TASK TO COMPLETE → Exclude every picture. Output verbatim the lines from the one containing "DerekHehe online show" to the end of the data.

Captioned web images
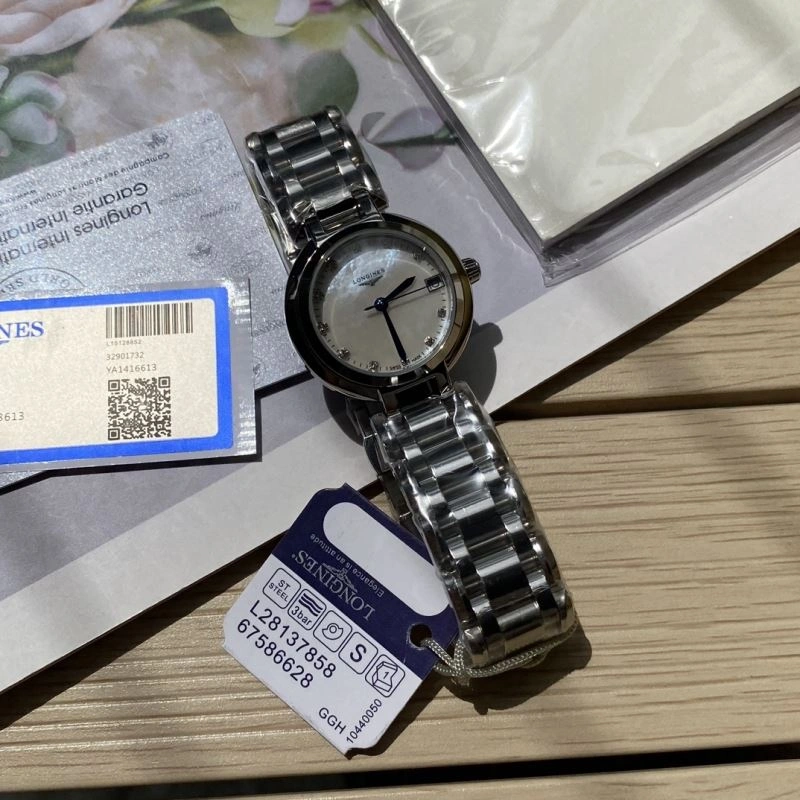 EasyCare LONGINES Watches 187414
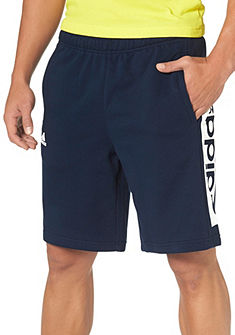 adidas Performance ESSENTIALS LINEAR SHORT Šortky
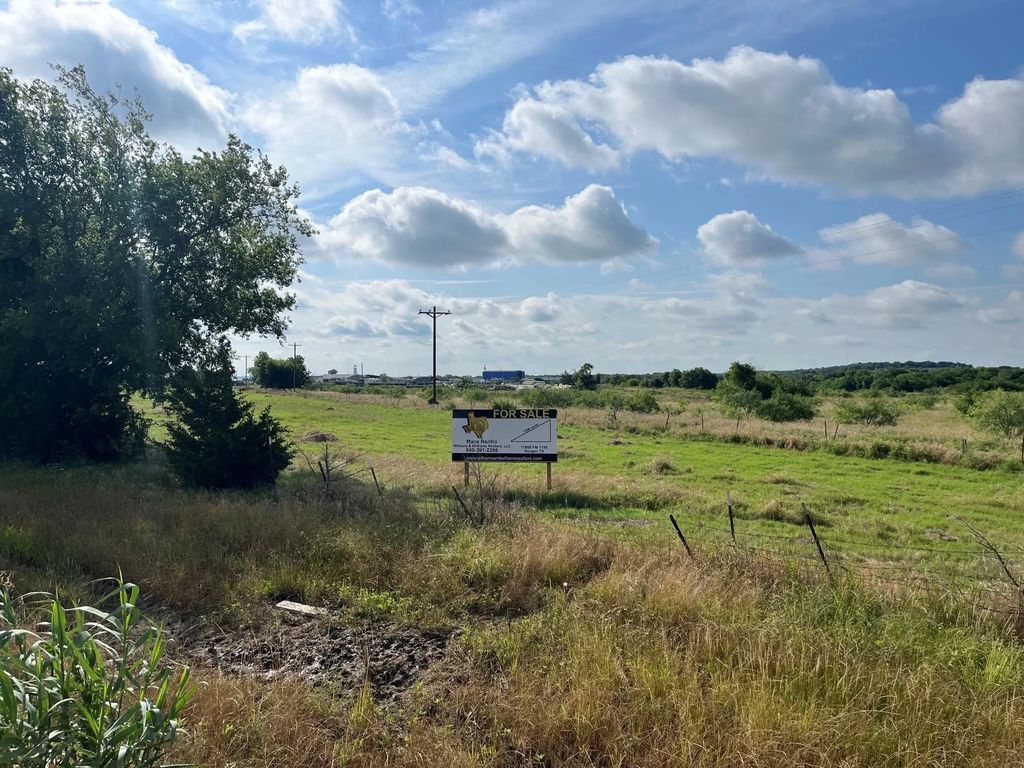 11858 Fm 1190, Sanger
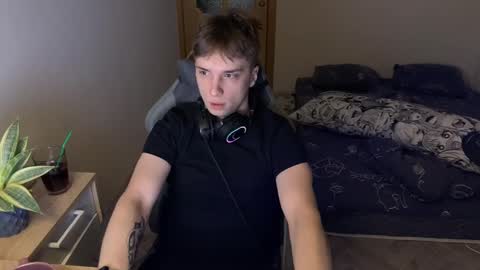 DerekHehe online show from January 2026 06:55:02 PM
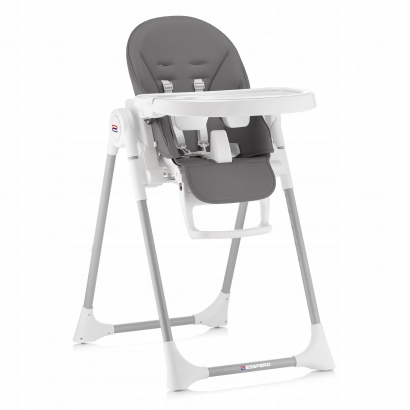 Стульчик для кормления Esspero Lyon GL Grey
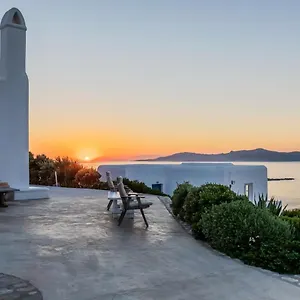 Appartamento Aegean View Mykonos, Agios Ioannis Diakoftis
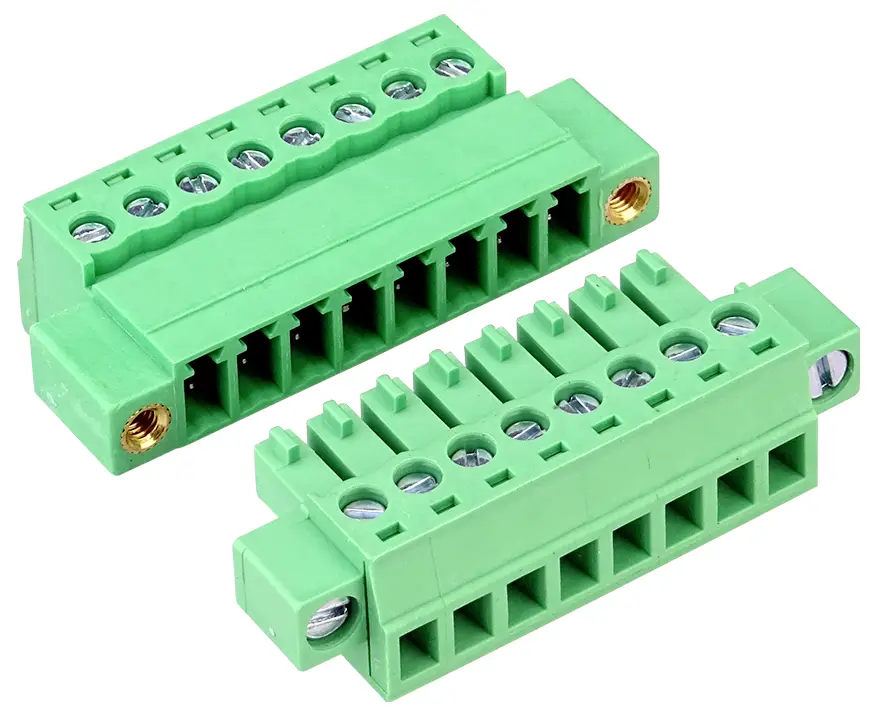 Donau Elektronik H381-08 konektor Pro kabel o rozměru: 0.08-1.5 mm² Tuhost (příčný řez): - Pólů: 8 1 ks Donau Elektronik H381-08 konektor Pro kabel o rozměru: 0.08-1.5 mm² Tuhost (příčný řez): - Pólů: 8 1 ks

TASK RESPONSE →
 DerekHehe online show from January 2026 06:55:02 PM
 Стульчик для кормления Esspero Lyon GL Grey
 Appartamento Aegean View Mykonos, Agios Ioannis Diakoftis
 Donau Elektronik H381-08 konektor Pro kabel o rozměru: 0.08-1.5 mm² Tuhost (příčný řez): - Pólů: 8 1 ks Donau Elektronik H381-08 konektor Pro kabel o rozměru: 0.08-1.5 mm² Tuhost (příčný řez): - Pólů: 8 1 ks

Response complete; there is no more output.